Friday, June 30, 2017

Learning about the Cherokee

For the past two weeks, our family has been learning about the Cherokee tribe.

We ate a lot of the "Three Sisters"--corn, squash, and beans--this week, as well as turkey jerky, nuts, dried fruit, and bacon. Because the Cherokee used to live near the ocean, before the awful forced relocation to Oklahoma in 1838 known as the the "Trail of Tears," the children also got to try oysters--cooked, not raw. I'm not that adventurous.

Current flag of the Cherokee tribe. The seven-point stars are used because of the symbolism of the number seven to the Cherokees. The black star is to memorialize the Cherokees who died on the Trail of Tears.

Last night, we invited a friend over who is 1/8 Cherokee and ate a dinner of whole baked trout, dried fruit, succotash (made of bacon, onions, lima beans, and corn), pumpkin pie, and cornbread. Her children showed mine how to shoot a bow and arrow; the younger ones used a Nerf bow, while the older ones tried out a real compound bow.

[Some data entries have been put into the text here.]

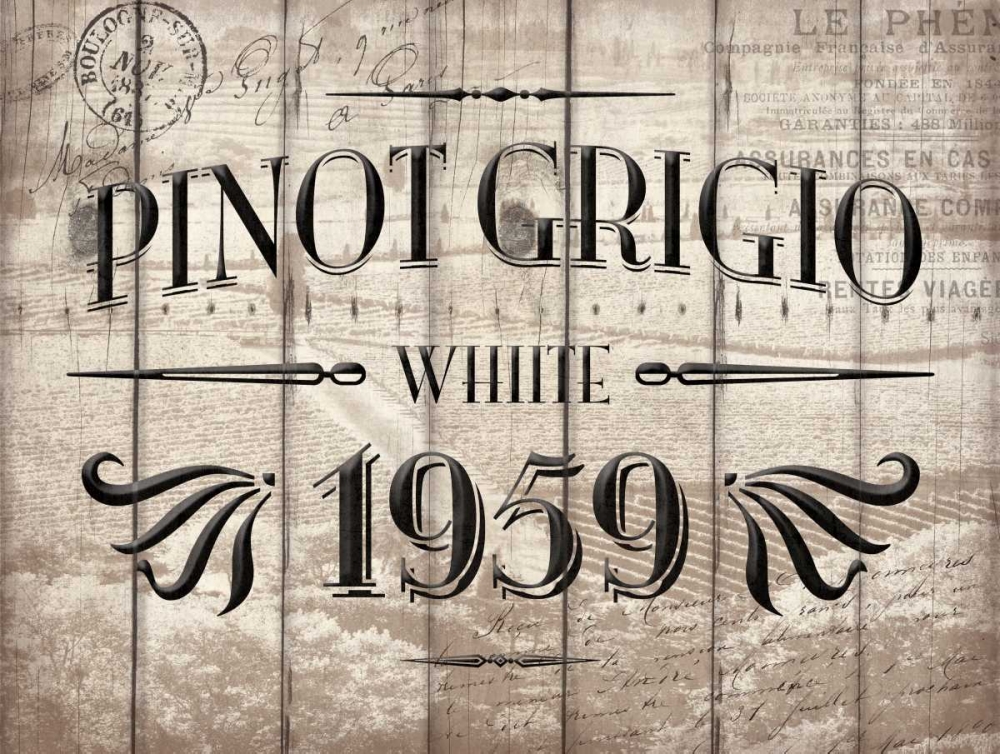 Pinot Grogio art print by Jace Grey for $57.95 CAD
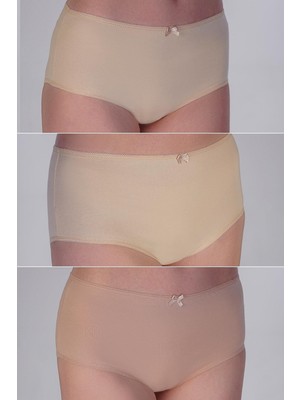 3'lü Paket Pamuklu Slip Külot 5003 Çok Renkli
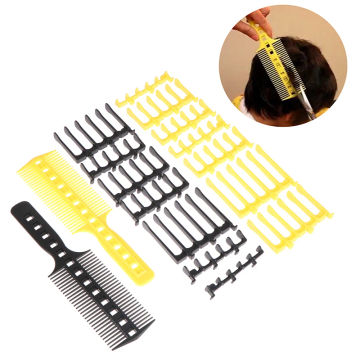 Hair Hairstyle Styling Tool Accessories Set Durable Hair Cutter Comb Double Side Haircut Combs Hair Trimmer Hair Shapers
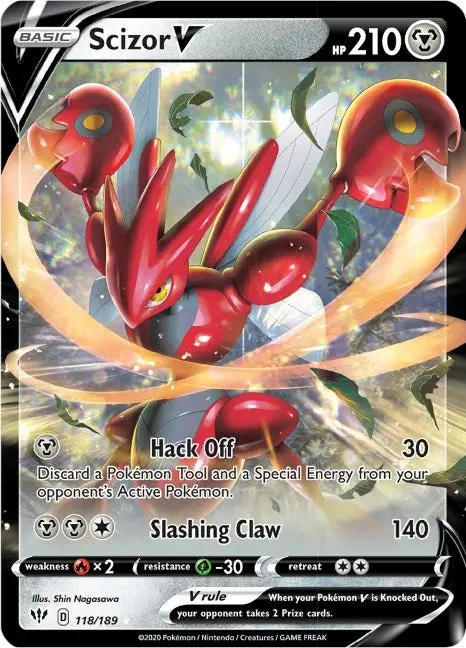 Scizor V (118/189) (Swsh03) 1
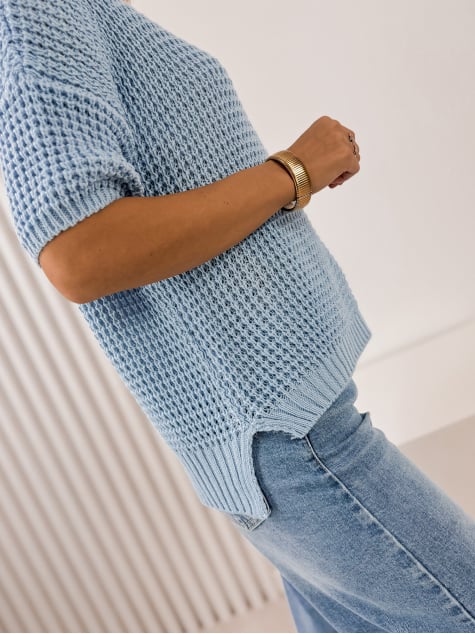 SWETER BELIZA NIEBIESKI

We learned about the Cherokee language, with its own unique syllabic script. We read about how the Cherokees had assimilated to European-American culture. Some Cherokees even were slaveowners in the antebellum South. One interesting and little-known fact is that the Cherokee language, along with other Native American languages, was used as "code talking" during WWI.